Great Illustrated General Encyclopedia

Warsaw 1902 (p. 422)

Translated by Dobrochna (Dosia) Fire

Hrubieszów–county seat in Lublin Province on the Huczwa River. Consists of the city proper and 3 suburbs–Sławęcina, Pogórze, and Pobereżany. The population was occupied with trades and orchard keeping and agriculture. Commerce was almost exclusively in the hands of Jews. There were two synagogues, both made of brick. On 29 September 1400, Władysław Jagiełło, through a charter in Lwów, raised Hrubieszów to the rank of city. Later, Władysław, duke of Mazovia and Bełz, granted it new charters. Then a castle was built here in which Władysław Jagiełło met with Witold, the grand duke of Lithuania, in 1411.

Kazimierz Jagiellończyk in 1450 confirmed Władysław of Mazovia's charters. Tatar attacks, which destroyed the city completely each time, took place in 1498, 1500, 1502, 1511, 1526, and 1672. In 1511, King Zygmunt confirms all of Hrubieszów's charters in Brześć Litewski.

In 1544, Zygmunt August confers upon the city the seal of a stag's head with 2 crosses placed between its horns.

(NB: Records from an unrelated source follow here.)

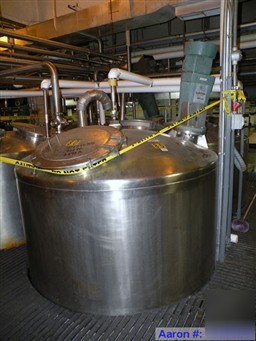 Used- norwalk tank, 2000 gallon, stainless steel, vert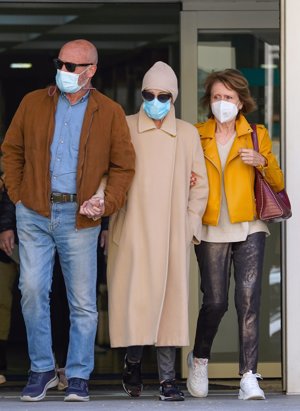 La colaboradora intentó pasar desapercibida con gorro y gafas de sol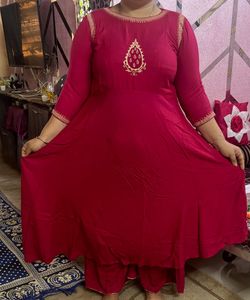 Elegant Red Kurta Set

As a result of the first partition of Poland,[1] Hrubieszów passed under Austrian rule. In 1800, Stanisław Staszic acquires the city for himself. The residents of the city were enfranchised and freed from serfdom. Staszic then organized an Agricultural Society here, the statute of which was confirmed by the Austrian emperor.